DIRECTIONS FOR THIS TASK: In the entries that follow, repeat exactly the lines from the one that has "Mastic GEBSICONE Silicone BLANC 310ML" through the one that has "Juego de Tazas", but omit pictures.

RECORDED DATA:
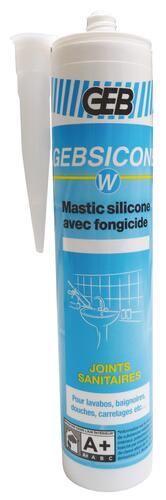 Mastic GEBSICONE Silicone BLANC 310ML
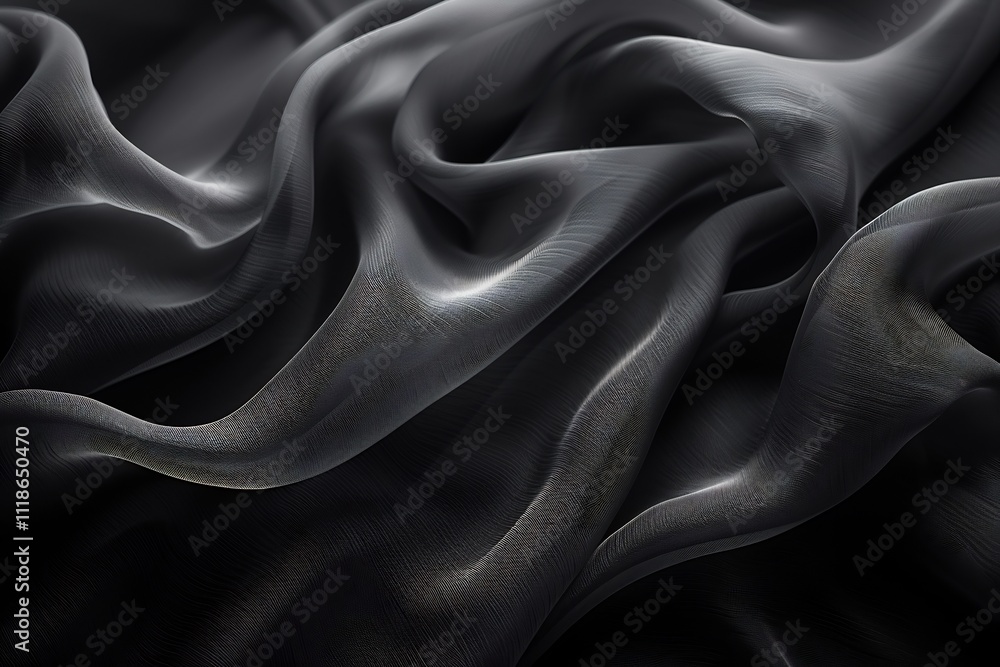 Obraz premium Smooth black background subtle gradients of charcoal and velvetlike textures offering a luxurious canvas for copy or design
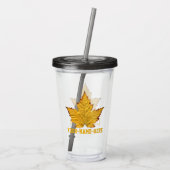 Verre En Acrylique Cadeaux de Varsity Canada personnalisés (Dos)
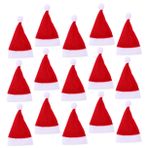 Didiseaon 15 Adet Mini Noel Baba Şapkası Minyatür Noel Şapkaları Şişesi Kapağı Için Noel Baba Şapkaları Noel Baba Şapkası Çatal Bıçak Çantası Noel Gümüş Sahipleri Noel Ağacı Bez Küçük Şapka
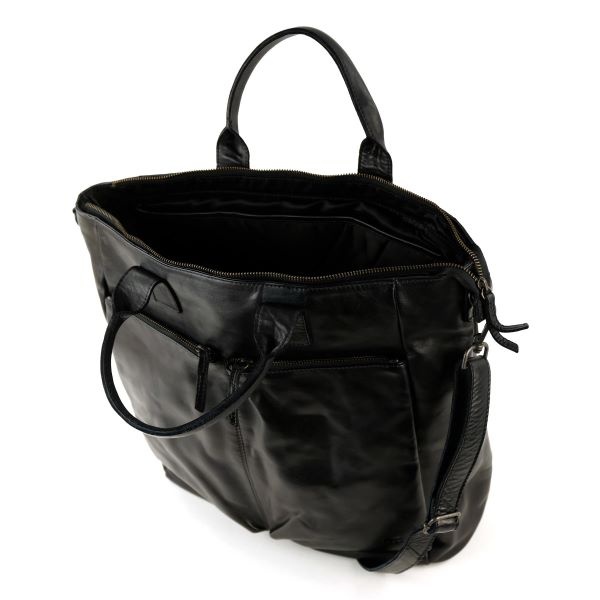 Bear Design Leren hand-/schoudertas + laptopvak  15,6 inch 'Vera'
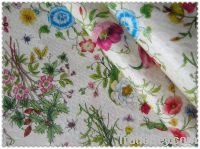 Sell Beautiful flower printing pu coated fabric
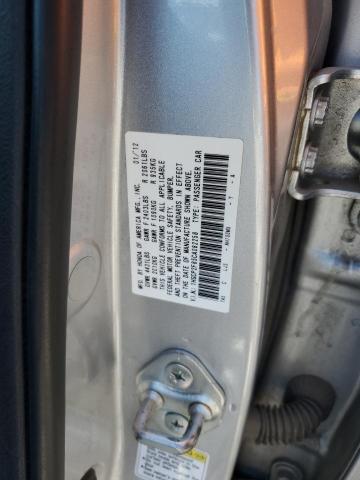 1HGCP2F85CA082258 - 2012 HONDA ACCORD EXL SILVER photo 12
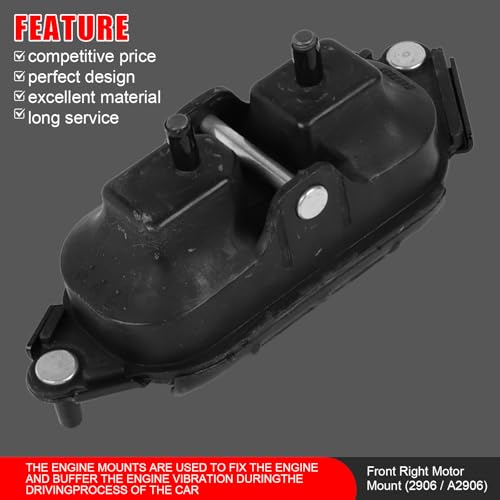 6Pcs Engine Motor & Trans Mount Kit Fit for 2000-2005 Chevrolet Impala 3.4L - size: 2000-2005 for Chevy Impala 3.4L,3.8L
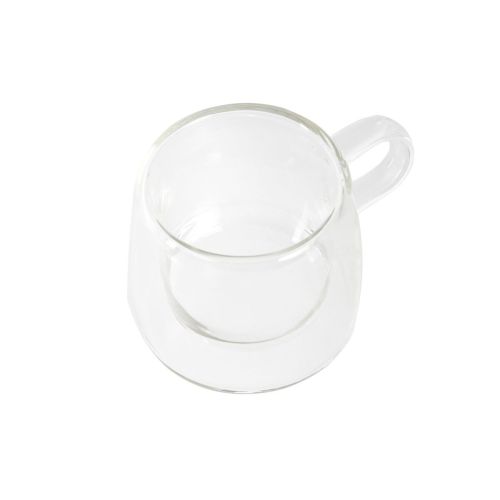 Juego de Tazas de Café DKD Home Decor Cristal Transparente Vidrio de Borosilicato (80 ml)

* * *

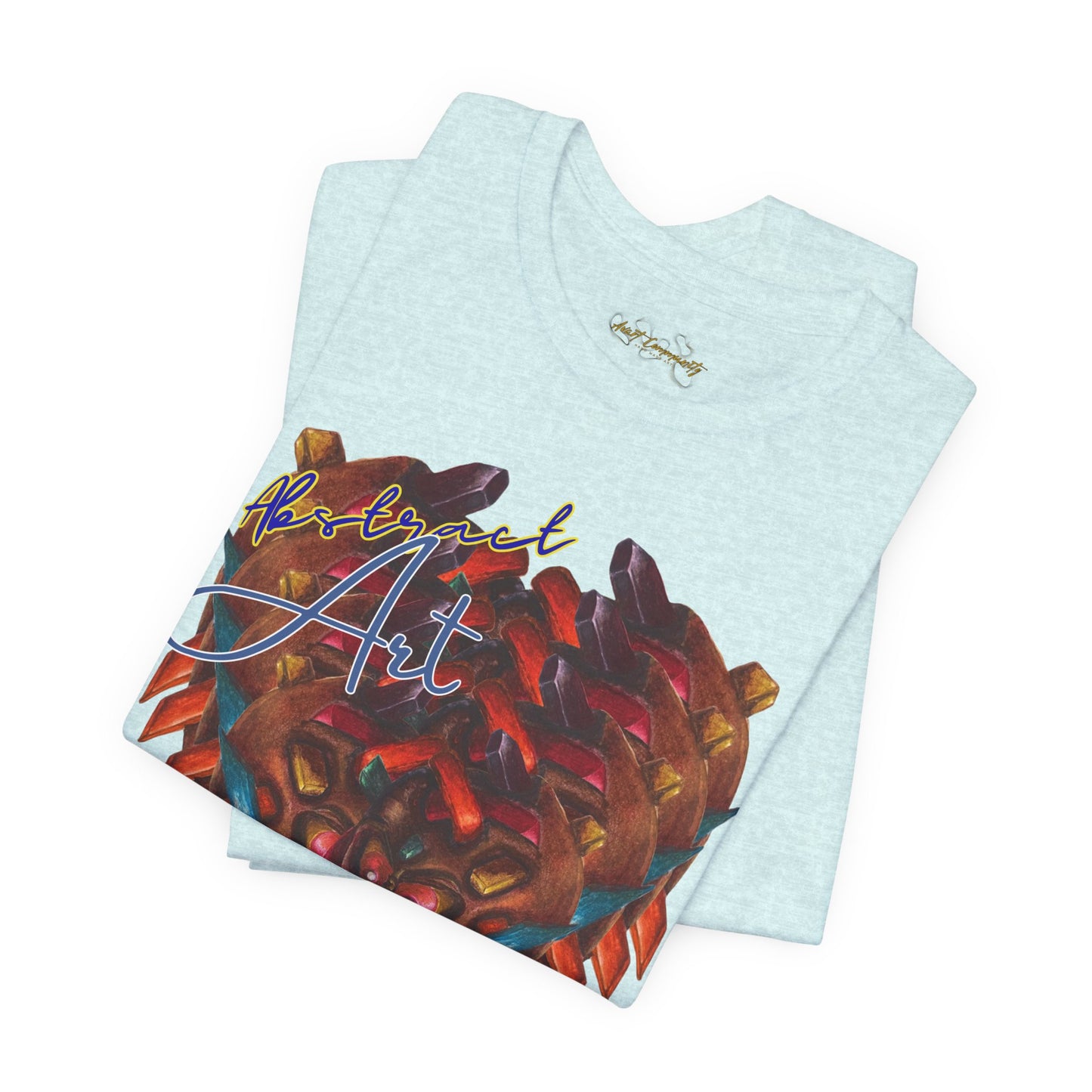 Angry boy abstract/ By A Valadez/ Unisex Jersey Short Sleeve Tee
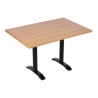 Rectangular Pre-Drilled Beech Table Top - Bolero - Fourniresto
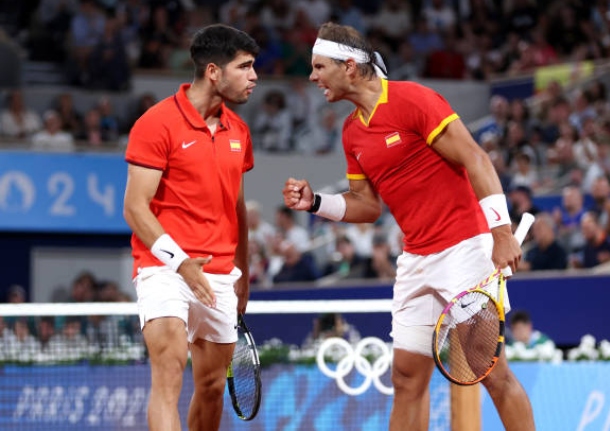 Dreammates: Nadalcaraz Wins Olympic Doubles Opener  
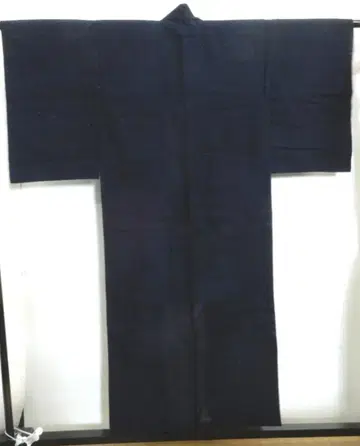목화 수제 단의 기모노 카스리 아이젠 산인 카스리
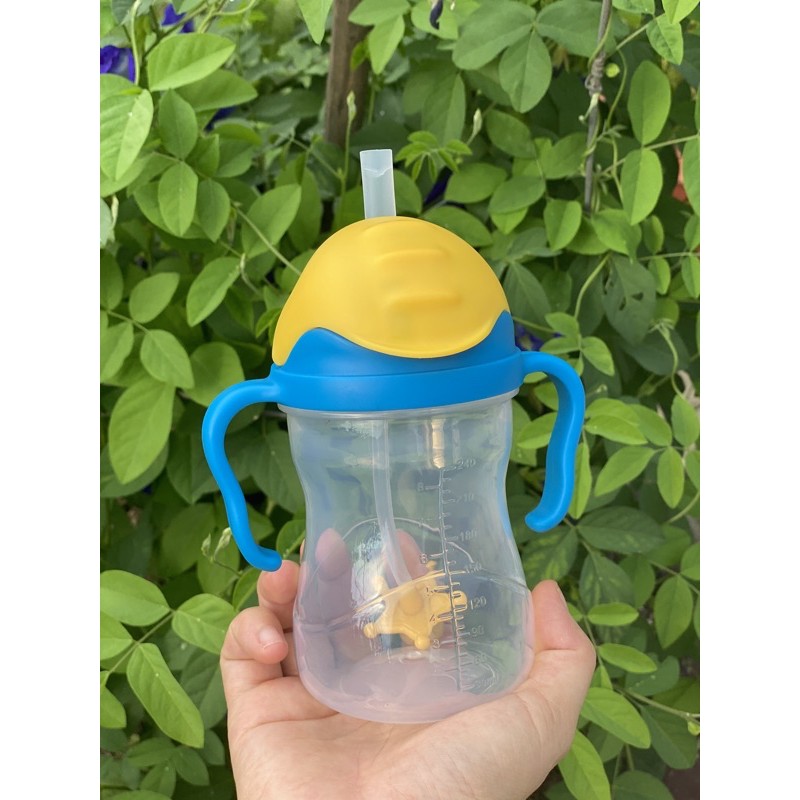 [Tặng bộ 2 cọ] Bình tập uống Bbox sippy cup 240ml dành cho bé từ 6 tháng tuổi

TASK RESULT:
 Mastic GEBSICONE Silicone BLANC 310ML
 Obraz premium Smooth black background subtle gradients of charcoal and velvetlike textures offering a luxurious canvas for copy or design
 Verre En Acrylique Cadeaux de Varsity Canada personnalisés (Dos)
 Didiseaon 15 Adet Mini Noel Baba Şapkası Minyatür Noel Şapkaları Şişesi Kapağı Için Noel Baba Şapkaları Noel Baba Şapkası Çatal Bıçak Çantası Noel Gümüş Sahipleri Noel Ağacı Bez Küçük Şapka
 Bear Design Leren hand-/schoudertas + laptopvak  15,6 inch 'Vera'
 Sell Beautiful flower printing pu coated fabric
 1HGCP2F85CA082258 - 2012 HONDA ACCORD EXL SILVER photo 12
 6Pcs Engine Motor & Trans Mount Kit Fit for 2000-2005 Chevrolet Impala 3.4L - size: 2000-2005 for Chevy Impala 3.4L,3.8L
 Juego de Tazas de Café DKD Home Decor Cristal Transparente Vidrio de Borosilicato (80 ml)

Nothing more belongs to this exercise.